Task goal: Copy out the lines beginning at the one with "iPhone XS Max" and ending at the last line of the data, both included; pictures stay out.

Data shown:
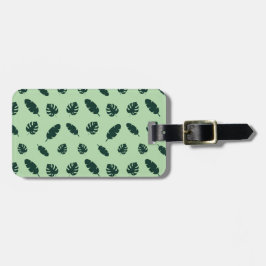 Tropiskt Monstera och Palmblad Sömlöst Mönster Bagagebricka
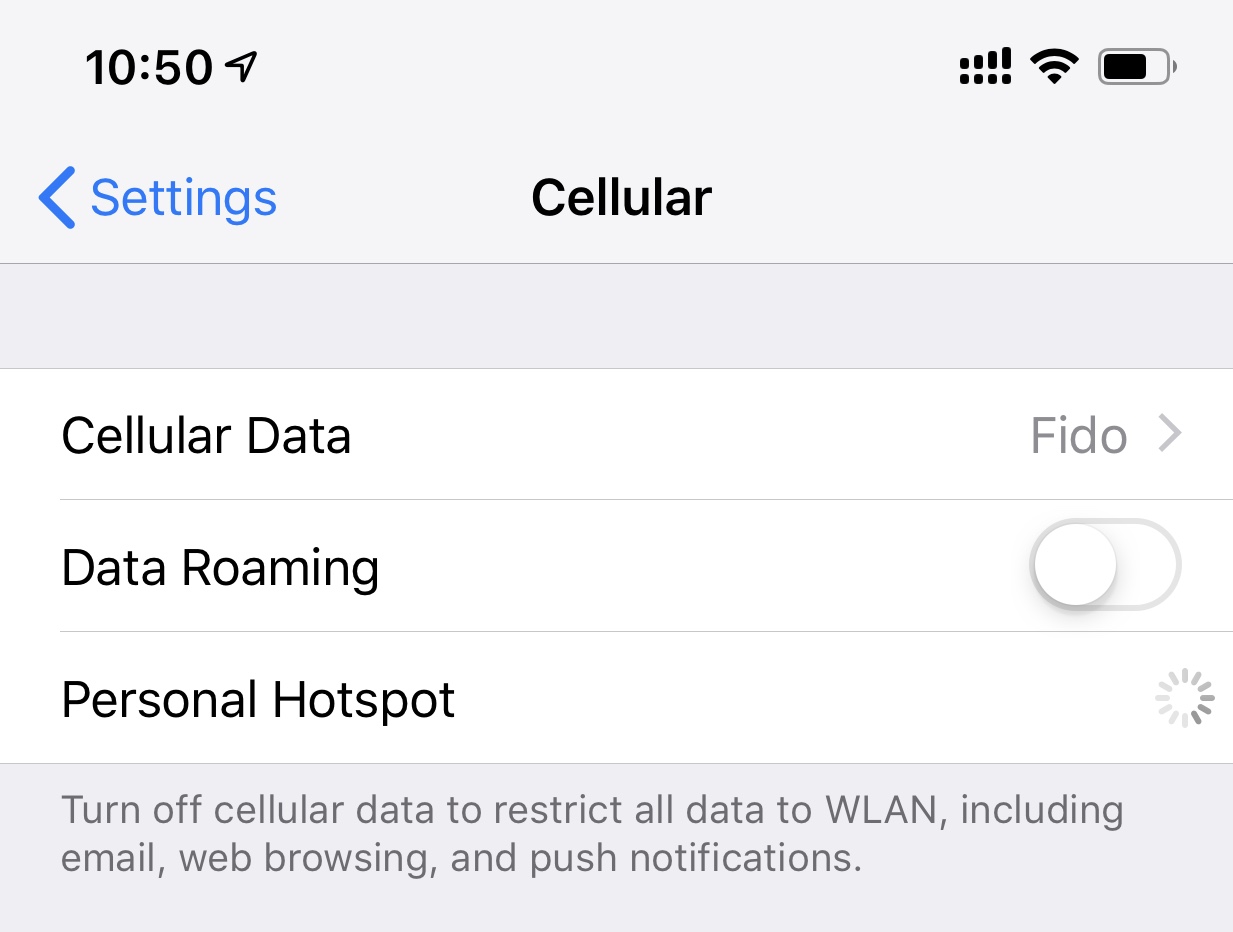iPhone XS Max Dual Sim Personal Hotspot Problem MacRumors Forums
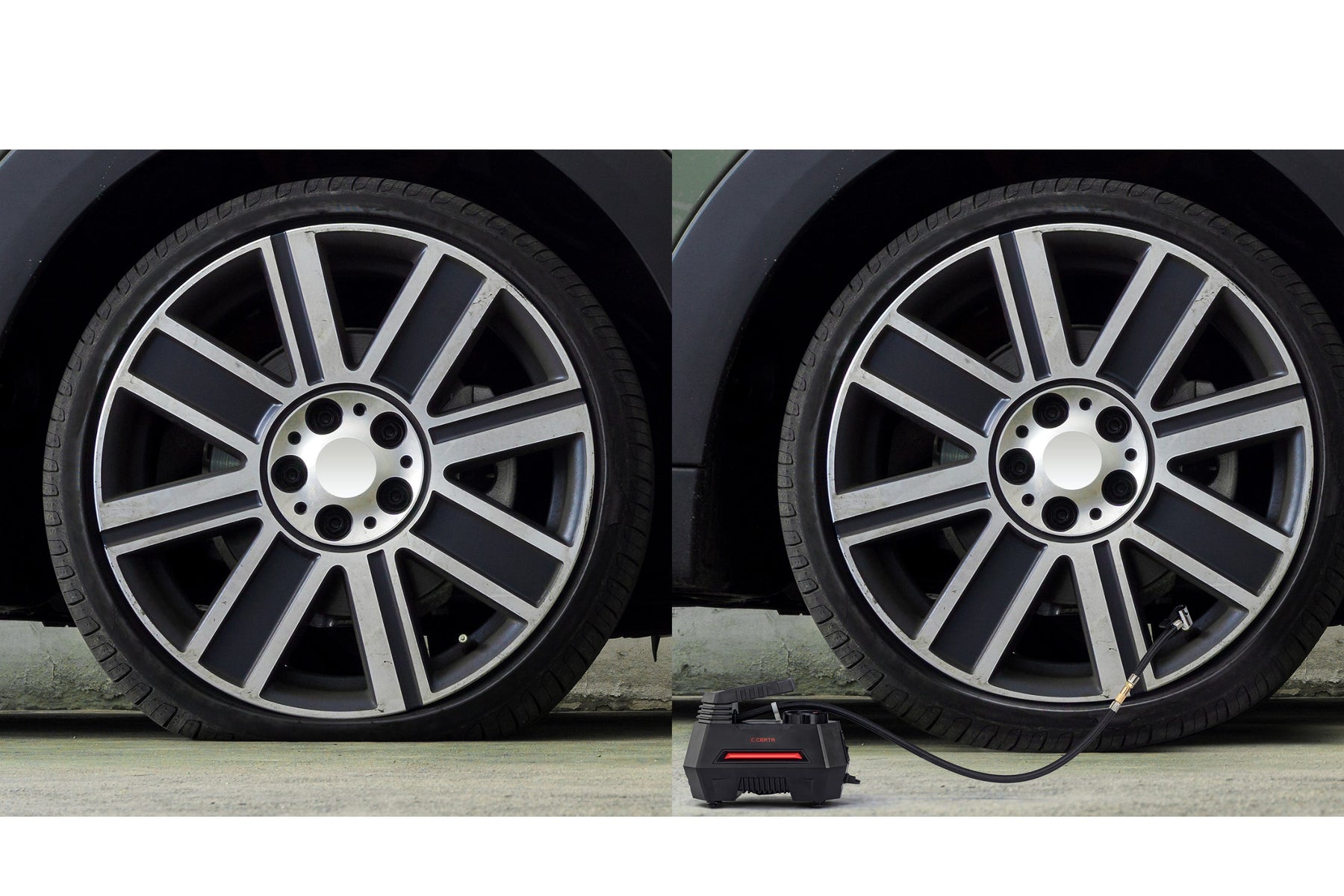 Certa Portable Air Compressor Pump Tyre Inflator - SuperSaverAU - view 6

Written reply:
iPhone XS Max Dual Sim Personal Hotspot Problem MacRumors Forums
 Certa Portable Air Compressor Pump Tyre Inflator - SuperSaverAU - view 6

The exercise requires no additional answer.